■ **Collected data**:
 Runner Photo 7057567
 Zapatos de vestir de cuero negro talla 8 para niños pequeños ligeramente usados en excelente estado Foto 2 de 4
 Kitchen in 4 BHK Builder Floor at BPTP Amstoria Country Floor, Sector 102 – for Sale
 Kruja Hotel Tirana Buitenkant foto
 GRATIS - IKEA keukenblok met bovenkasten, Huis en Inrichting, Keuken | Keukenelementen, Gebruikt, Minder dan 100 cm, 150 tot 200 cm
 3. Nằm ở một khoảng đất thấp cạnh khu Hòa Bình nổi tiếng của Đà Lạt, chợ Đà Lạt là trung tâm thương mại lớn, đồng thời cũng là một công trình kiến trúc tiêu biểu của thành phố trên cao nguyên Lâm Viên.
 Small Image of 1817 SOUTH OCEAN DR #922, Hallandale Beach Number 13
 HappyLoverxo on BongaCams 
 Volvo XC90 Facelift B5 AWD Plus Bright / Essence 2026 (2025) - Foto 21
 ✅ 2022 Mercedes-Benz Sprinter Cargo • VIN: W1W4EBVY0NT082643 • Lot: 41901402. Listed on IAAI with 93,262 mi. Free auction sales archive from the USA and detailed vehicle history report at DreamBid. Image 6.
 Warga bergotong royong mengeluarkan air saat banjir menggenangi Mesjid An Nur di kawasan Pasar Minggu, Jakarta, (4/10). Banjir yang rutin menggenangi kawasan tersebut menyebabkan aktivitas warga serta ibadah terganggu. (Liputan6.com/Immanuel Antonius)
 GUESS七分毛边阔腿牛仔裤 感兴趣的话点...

■ **What the exercise asks**: Output each record above exactly, omitting nothing.

■ **Response to this task**:
 Runner Photo 7057567
 Zapatos de vestir de cuero negro talla 8 para niños pequeños ligeramente usados en excelente estado Foto 2 de 4
 Kitchen in 4 BHK Builder Floor at BPTP Amstoria Country Floor, Sector 102 – for Sale
 Kruja Hotel Tirana Buitenkant foto
 GRATIS - IKEA keukenblok met bovenkasten, Huis en Inrichting, Keuken | Keukenelementen, Gebruikt, Minder dan 100 cm, 150 tot 200 cm
 3. Nằm ở một khoảng đất thấp cạnh khu Hòa Bình nổi tiếng của Đà Lạt, chợ Đà Lạt là trung tâm thương mại lớn, đồng thời cũng là một công trình kiến trúc tiêu biểu của thành phố trên cao nguyên Lâm Viên.
 Small Image of 1817 SOUTH OCEAN DR #922, Hallandale Beach Number 13
 HappyLoverxo on BongaCams 
 Volvo XC90 Facelift B5 AWD Plus Bright / Essence 2026 (2025) - Foto 21
 ✅ 2022 Mercedes-Benz Sprinter Cargo • VIN: W1W4EBVY0NT082643 • Lot: 41901402. Listed on IAAI with 93,262 mi. Free auction sales archive from the USA and detailed vehicle history report at DreamBid. Image 6.
 Warga bergotong royong mengeluarkan air saat banjir menggenangi Mesjid An Nur di kawasan Pasar Minggu, Jakarta, (4/10). Banjir yang rutin menggenangi kawasan tersebut menyebabkan aktivitas warga serta ibadah terganggu. (Liputan6.com/Immanuel Antonius)
 GUESS七分毛边阔腿牛仔裤 感兴趣的话点...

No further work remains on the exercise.